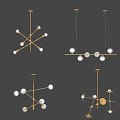 Modern Geometric Chandeliers with Gold Metal Frame and White Spherical Bulbs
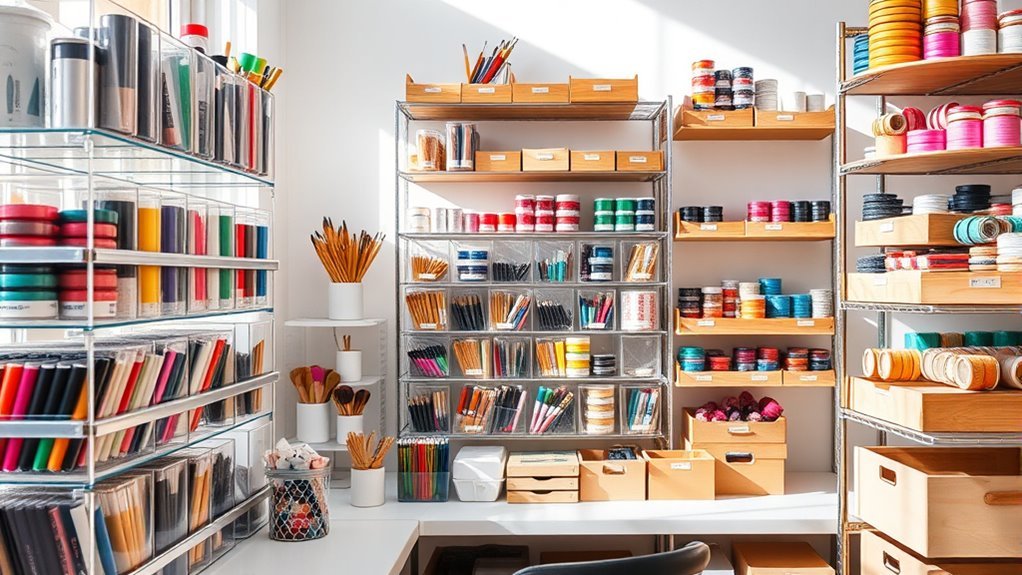 organize art supplies efficiently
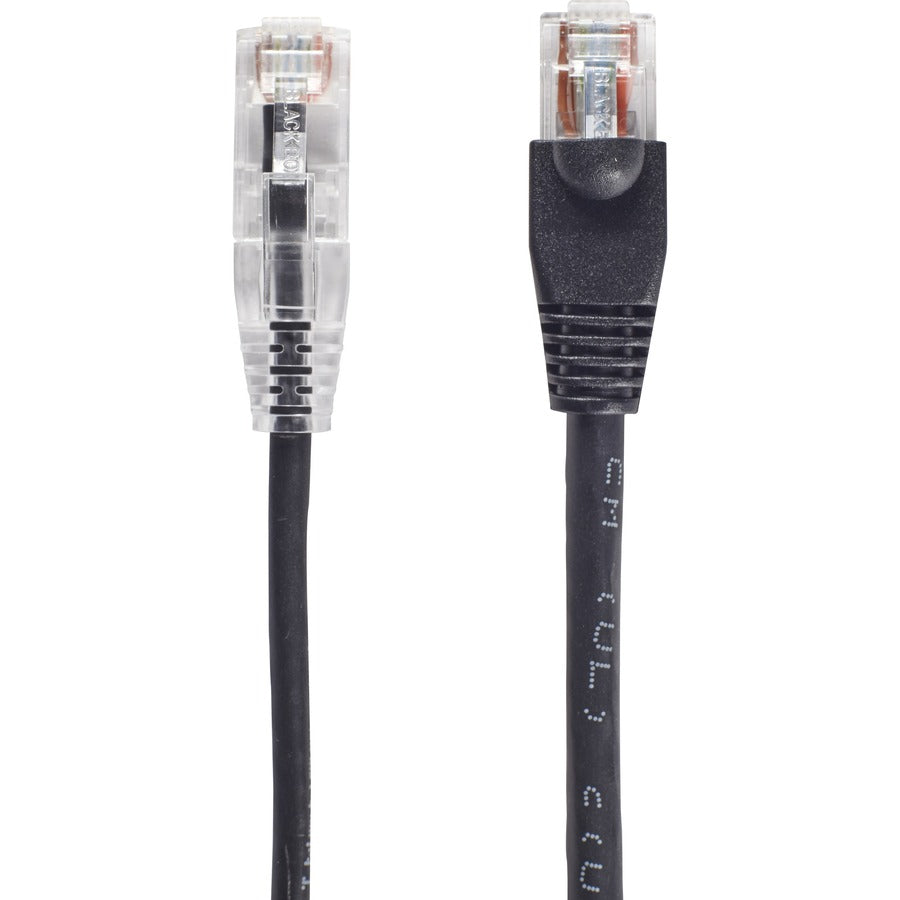 15Ft Black Cat6A Slim 28Awg Pat,Ch Cable 500Mhz Utp Cm Snagless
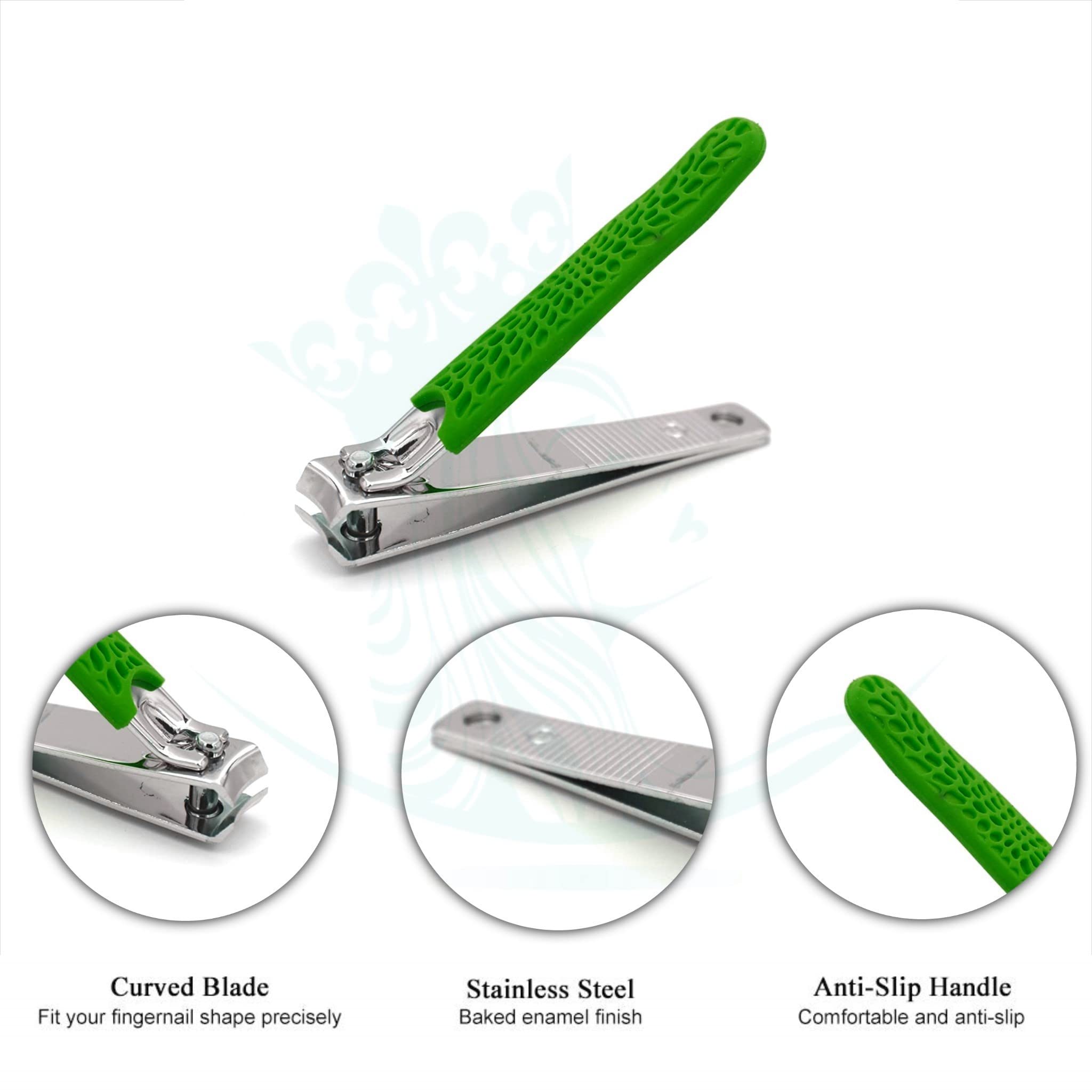Premium Stainless Steel Nail Clipper Set with Comfort Grip - Professional Manicure & Pedicure Kit for Men & Women - Sharp Nail Trimmer & File for Home, Travel, and Salon Use (Multiple Colors Available)
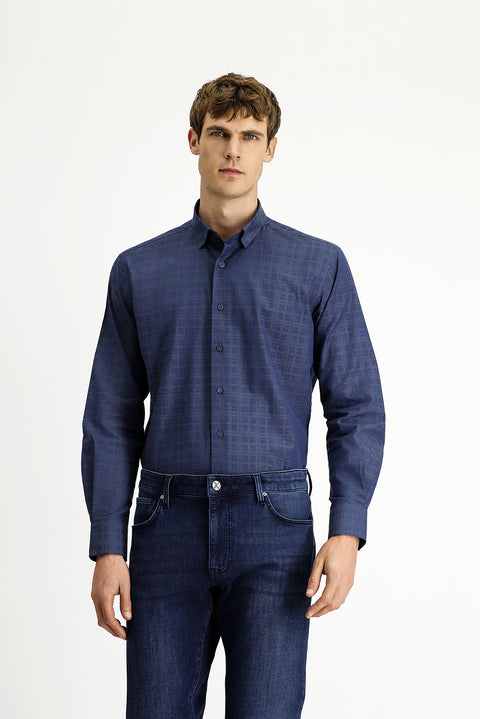 Orta Lacivert Uzun Kol Regular Fit Ekose Pamuk Gömlek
————————
### Problem
Leave every picture out and retype exactly the lines of the records above from the one holding "organize art supplies efficiently" through the last, both ends included and nothing besides.

### Your solution
 organize art supplies efficiently
 15Ft Black Cat6A Slim 28Awg Pat,Ch Cable 500Mhz Utp Cm Snagless
Premium Stainless Steel Nail Clipper Set with Comfort Grip - Professional Manicure & Pedicure Kit for Men & Women - Sharp Nail Trimmer & File for Home, Travel, and Salon Use (Multiple Colors Available)
 Orta Lacivert Uzun Kol Regular Fit Ekose Pamuk Gömlek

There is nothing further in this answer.